One more pitch and they reached a point of decision. The crack system they’d been following, up and to the right, petered out into slatey blankness. To continue, they’d have to swing over to another line of weakness, almost parallel to their first line but thirty feet to the right. The only problem was this new crack stretched down no closer than four hundred feet to the scree at the cliff’s base. Once they’d committed themselves to it, there’d be no retreat, given the right-hand trend of both lines. The wall below was void of any natural anchor points, and they hadn’t brought along a bolt kit. Even rappelling on both ropes tied end to end – an unusual move which would give them no chance of retrieving their lifeline – they’d run out of elevator a hundred feet above the patient boulders. A little too high to let go, even if you were in the kind of shape Dave was!

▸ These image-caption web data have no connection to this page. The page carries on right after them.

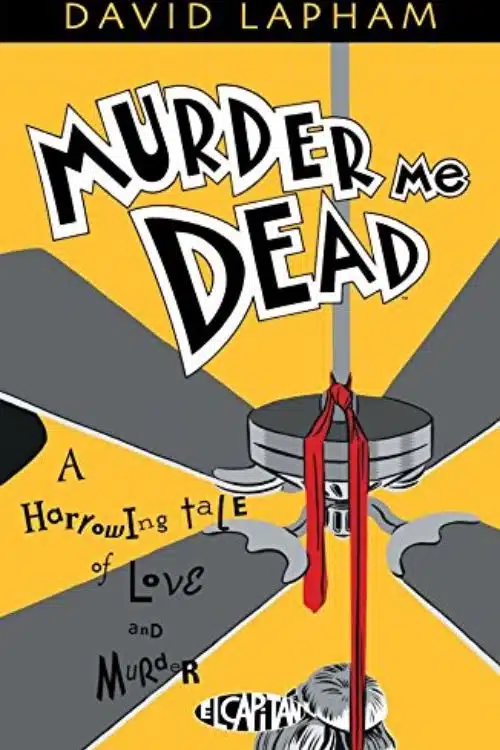 Murder Me Dead by David Lapham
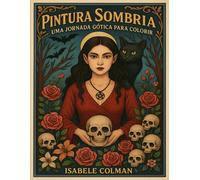 Pintura Sombria: Uma jornada gótica para colorir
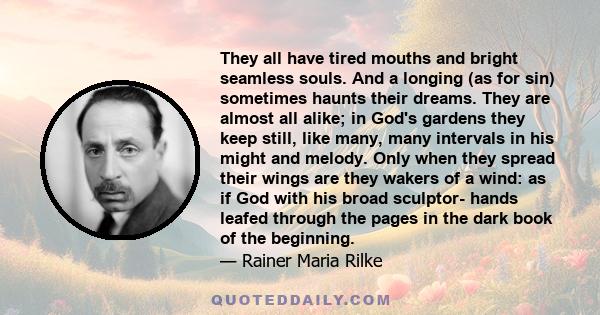 They all have tired mouths and bright seamless souls. And a longing (as for sin) sometimes haunts their dreams. They are almost all alike; in God's gardens they keep still, like many, many intervals in his might and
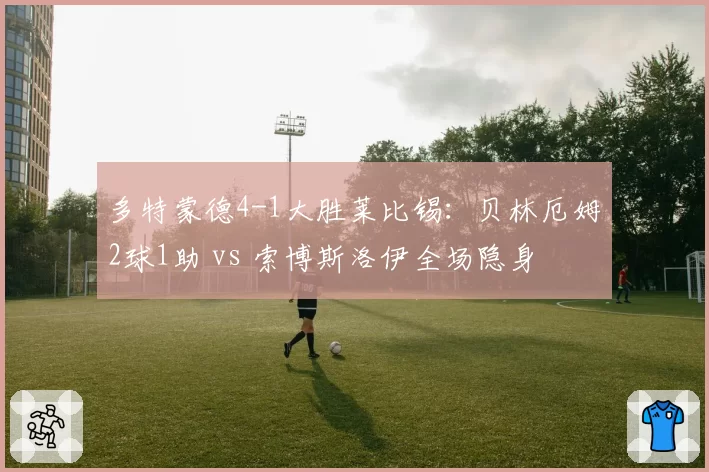 多特蒙德4-1大胜莱比锡:贝林厄姆2球1助 vs 索博斯洛伊全场隐身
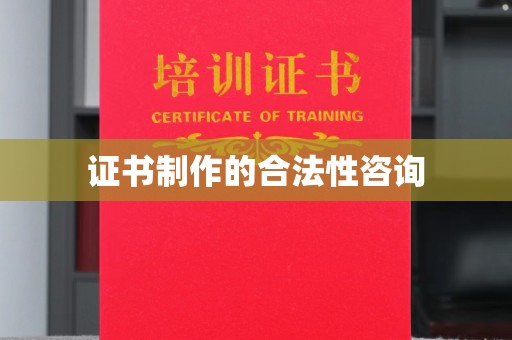 北川证书制作的合法性咨询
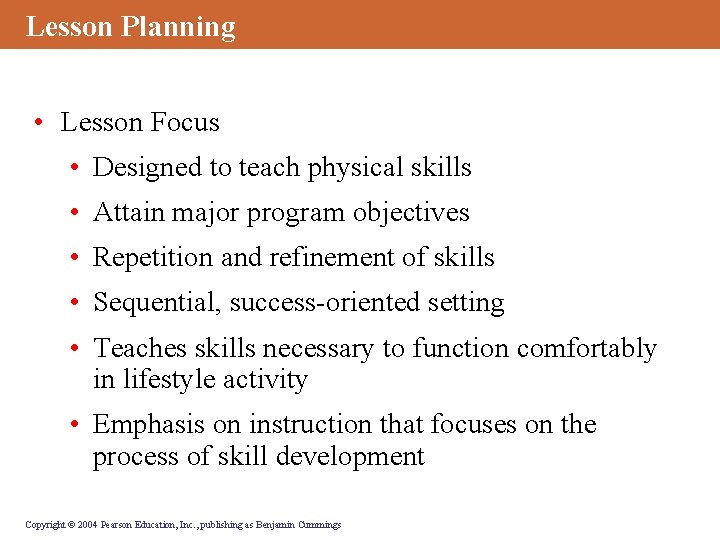 Lesson Planning • Lesson Focus • Designed to teach physical skills • Attain major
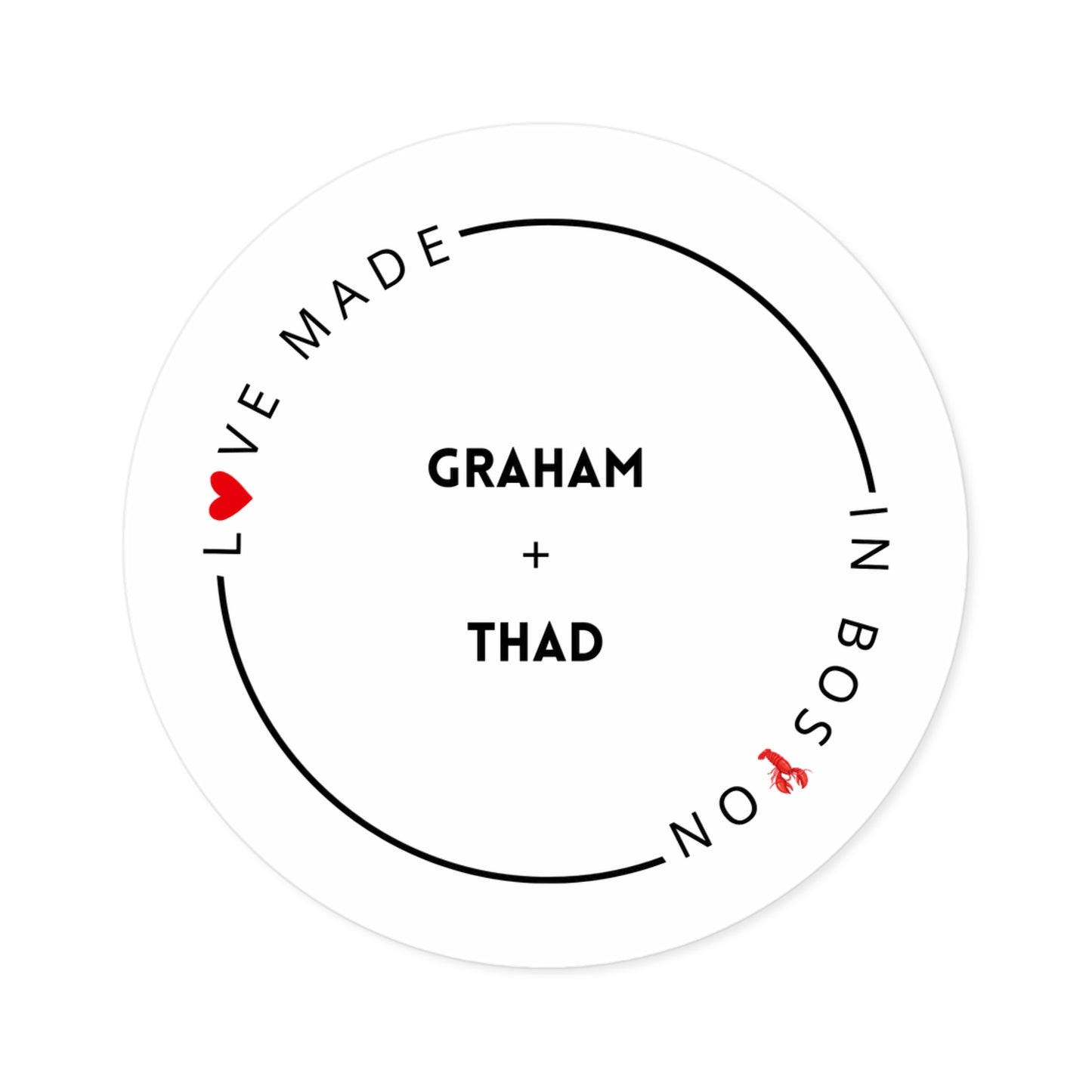 Love Made in Boston - Graham + Thad Sticker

The two paused for a couple of minutes, leaning into the wall on a narrow ledge as the wind tore at their packs and clothing. Their faces were no more than a foot apart. As Randall stared at Dave’s eyes, sparkling fiercely under his frosted brows, it occurred to him he’d never give voice to the caution crying to him now from all the more sensible corners of his brain. This is just another Lost Arrow, he thought to himself; we’ll make it no sweat and laugh about it back in the pub. If he’s trying to stick my face into how soft I’ve gotten while he’s still the hard guy, welcome to it. Anything the son of a bitch can lead, I can sure as hell follow. Then again, he allowed himself to counter with a wry smirk, if the bastard’s trying to kill me, I’m sure as hell not going to give him the satisfaction of begging for mercy.
“Lemme do the pendulum,” Randall shouted. “I need something to spice up this bloody cakewalk.”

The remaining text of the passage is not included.